Containerization and artificial intelligence: The keys to unlocking next-gen analytics
What is the next evolutionary step for data analysis? In this article, Piet Loubser argues that containerization and embedded AI to make data pipelines more intelligent represent the future.
For all the talk about data fueling digital transformation, it would seem the world remains in a strange limbo where a few companies embrace this concept. Many continue to be slow followers, while others are not yet familiar with the idea.
A new report from Gartner, titled Applied Infonomics: Seven Steps to Monetize Available Information Assets (Nov 2018) shows top performers are more than twice as likely as typical performers to have monetized information assets, and eight times more likely to have done so than trailing organizations.

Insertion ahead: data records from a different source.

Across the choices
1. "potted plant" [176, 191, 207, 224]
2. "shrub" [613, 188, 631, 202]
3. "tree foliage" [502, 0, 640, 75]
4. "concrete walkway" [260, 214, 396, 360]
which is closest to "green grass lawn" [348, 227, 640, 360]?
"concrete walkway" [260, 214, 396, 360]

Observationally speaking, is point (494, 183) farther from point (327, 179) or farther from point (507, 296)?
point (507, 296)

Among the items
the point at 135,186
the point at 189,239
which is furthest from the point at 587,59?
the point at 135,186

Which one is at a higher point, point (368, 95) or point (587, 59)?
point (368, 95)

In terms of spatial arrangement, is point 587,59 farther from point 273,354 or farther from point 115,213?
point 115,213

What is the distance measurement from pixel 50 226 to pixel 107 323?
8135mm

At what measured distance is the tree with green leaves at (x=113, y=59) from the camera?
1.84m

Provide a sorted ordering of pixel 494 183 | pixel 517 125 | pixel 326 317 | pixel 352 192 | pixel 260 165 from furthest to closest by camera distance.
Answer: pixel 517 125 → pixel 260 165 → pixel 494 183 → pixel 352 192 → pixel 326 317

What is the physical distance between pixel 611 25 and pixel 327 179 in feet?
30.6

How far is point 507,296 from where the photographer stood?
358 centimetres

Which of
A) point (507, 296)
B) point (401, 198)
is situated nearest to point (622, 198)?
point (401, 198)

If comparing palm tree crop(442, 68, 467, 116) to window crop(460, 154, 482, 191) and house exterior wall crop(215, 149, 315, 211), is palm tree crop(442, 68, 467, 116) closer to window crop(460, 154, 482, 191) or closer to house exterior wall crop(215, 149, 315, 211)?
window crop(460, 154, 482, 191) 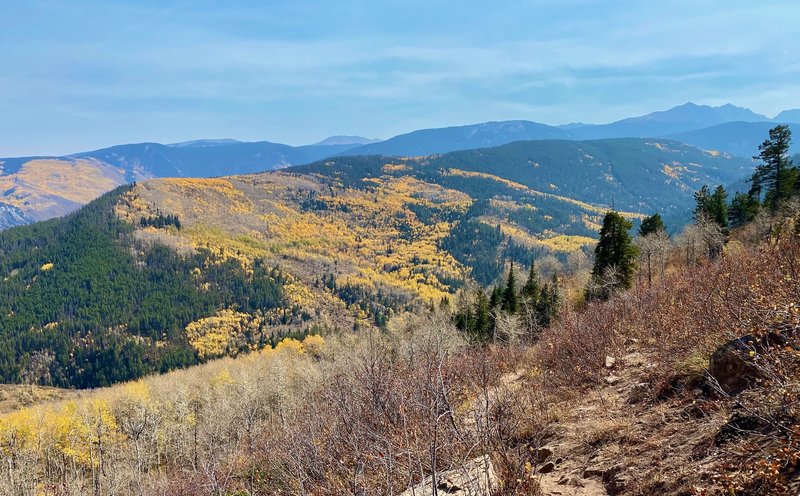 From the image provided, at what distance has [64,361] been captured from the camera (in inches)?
5827

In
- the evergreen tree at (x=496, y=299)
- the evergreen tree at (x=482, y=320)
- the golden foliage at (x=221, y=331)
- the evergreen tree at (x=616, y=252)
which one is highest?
the evergreen tree at (x=616, y=252)

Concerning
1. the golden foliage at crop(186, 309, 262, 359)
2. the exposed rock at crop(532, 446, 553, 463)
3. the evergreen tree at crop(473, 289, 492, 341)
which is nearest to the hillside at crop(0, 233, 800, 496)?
the exposed rock at crop(532, 446, 553, 463)

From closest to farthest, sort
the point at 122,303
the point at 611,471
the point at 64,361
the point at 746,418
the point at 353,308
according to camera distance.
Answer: the point at 746,418
the point at 611,471
the point at 64,361
the point at 122,303
the point at 353,308

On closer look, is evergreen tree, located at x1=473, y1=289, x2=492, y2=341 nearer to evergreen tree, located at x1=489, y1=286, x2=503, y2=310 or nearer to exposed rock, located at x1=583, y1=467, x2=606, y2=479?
evergreen tree, located at x1=489, y1=286, x2=503, y2=310

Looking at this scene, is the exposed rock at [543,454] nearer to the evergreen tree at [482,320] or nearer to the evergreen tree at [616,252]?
the evergreen tree at [616,252]

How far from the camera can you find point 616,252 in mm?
36375

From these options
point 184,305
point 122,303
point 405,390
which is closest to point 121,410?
point 405,390

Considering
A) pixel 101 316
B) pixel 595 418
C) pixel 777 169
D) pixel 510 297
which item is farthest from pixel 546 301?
pixel 101 316

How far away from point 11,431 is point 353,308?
470 feet

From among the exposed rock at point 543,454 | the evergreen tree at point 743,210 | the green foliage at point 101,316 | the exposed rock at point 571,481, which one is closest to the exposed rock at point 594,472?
the exposed rock at point 571,481

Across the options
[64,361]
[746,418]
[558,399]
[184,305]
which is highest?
[746,418]

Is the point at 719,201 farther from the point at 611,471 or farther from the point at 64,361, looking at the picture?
the point at 64,361

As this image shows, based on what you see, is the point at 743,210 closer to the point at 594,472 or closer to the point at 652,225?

From my experience over the past 20+ years in analytics and data management, the main challenge for those companies in the middle and those that are laggards is that they generally lack the vision of what could be done differently from their traditional information processes. They are waiting for vendors to bring their best practices, use cases and ideas. While vendors strive to do this – and often bring these new use cases – the challenge is that the top performers in any particular industry are often running away with your market while you wait.
A new mindset for data practitioners, analysts, engineers, data scientists
The key challenge with unlocking the true value of data in and for our organization means we have to unlearn much of what we were taught over the past 20+ years of data warehousing and Business Intelligence (BI) and embrace entirely new concepts and skills.

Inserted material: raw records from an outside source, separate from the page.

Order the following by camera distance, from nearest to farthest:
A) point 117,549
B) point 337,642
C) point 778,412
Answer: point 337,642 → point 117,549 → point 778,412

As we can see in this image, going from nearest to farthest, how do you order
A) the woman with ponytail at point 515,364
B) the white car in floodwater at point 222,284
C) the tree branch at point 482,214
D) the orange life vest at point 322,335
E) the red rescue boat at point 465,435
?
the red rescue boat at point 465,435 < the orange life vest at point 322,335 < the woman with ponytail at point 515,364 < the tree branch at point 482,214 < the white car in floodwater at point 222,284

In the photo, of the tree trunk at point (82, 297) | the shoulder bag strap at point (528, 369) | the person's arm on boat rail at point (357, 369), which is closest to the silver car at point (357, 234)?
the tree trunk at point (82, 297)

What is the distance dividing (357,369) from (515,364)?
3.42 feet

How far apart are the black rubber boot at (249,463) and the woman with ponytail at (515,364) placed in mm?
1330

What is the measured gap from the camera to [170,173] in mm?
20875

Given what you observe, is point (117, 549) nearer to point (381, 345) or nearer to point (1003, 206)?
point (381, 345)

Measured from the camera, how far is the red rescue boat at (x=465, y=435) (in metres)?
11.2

The traditional BI world was built and designed at a time when repeatedly answering a few well-known questions was enough, such as how much of product “A” did we sell in North America. The entire data-to-insights value chain was designed around that concept and was taking into consideration the massive cost of processing and storing data for analytics. However, neither of these concepts hold true today. Global competition, the elevation of the customer as the true king, and cloud computing have all but invalidated these old data processes.
Containerization and AI emerge as the key enablers for self-service data prep
In a world where analytical exploration has become the key to an organization’s ability to constantly innovate, we have to empower those with the best business context and understanding to take the lead. These are often the data and/or business analysts. The traditional approach where these experts had to ask developers to pull data together is no longer acceptable because it takes too long and runs the risk of removing much of the possible insights before the business users have a chance to look at it.
Enabling the business with self-service data prep has enabled them to operate at the speed of business across the entire data value chain. Another critical need is that we need to assist the non-technical business user with intelligence and also guide them so that they do not get themselves into trouble. With this in mind, expect to see the following trends in the coming year:
- Containerization, powered by Kubernetes. Containerization has been around for decades, but Kubernetes takes it to the next level with extremely scalable container distribution and management. Analytical workloads today can no longer be contained to a single location. They have to be built in such a way that they can be deployed to any location, run for as long as needed, and then allocate resources upon completion. Kubernetes is the cornerstone for the agility we require, as it opens the door for us to provide zero admin workloads that can be deployed across multiple cloud or on-prem infrastructures, where ever data gravity or processing is available.
- Embedded AI to make data pipelines more intelligent. While we clearly see the value in using AI and other related techniques, such as Machine Learning (ML), in understanding customer purchase behaviors, we have not done enough with AI and ML to help us better understand – and make smarter – our own data processes. Using AI, organizations can better understand what the ingested data being means and how it can be better enriched. A key trend over the coming year will be to deploy algorithms to help with every step of the data value chain – from ingesting to understanding what the data means, to how to standardize the data and, finally, how to enrich the data with additional data elements.
While self-service data prep is a game changer for data analysts, data will remain a team sport. It will continue to require a collaborative effort among business (who know the context), IT (who knows the data technologies), and data scientists (who know the statistical and mathematical algorithms to exploit). It will also require a new mindset where shadow IT is no longer something we dread but where we embrace our counterparts across the organization and know everyone is part of the data value chain. In this way, each group will be able to apply their expertise and play a critical role in unlocking that breakthrough insight that will deliver great results for our business.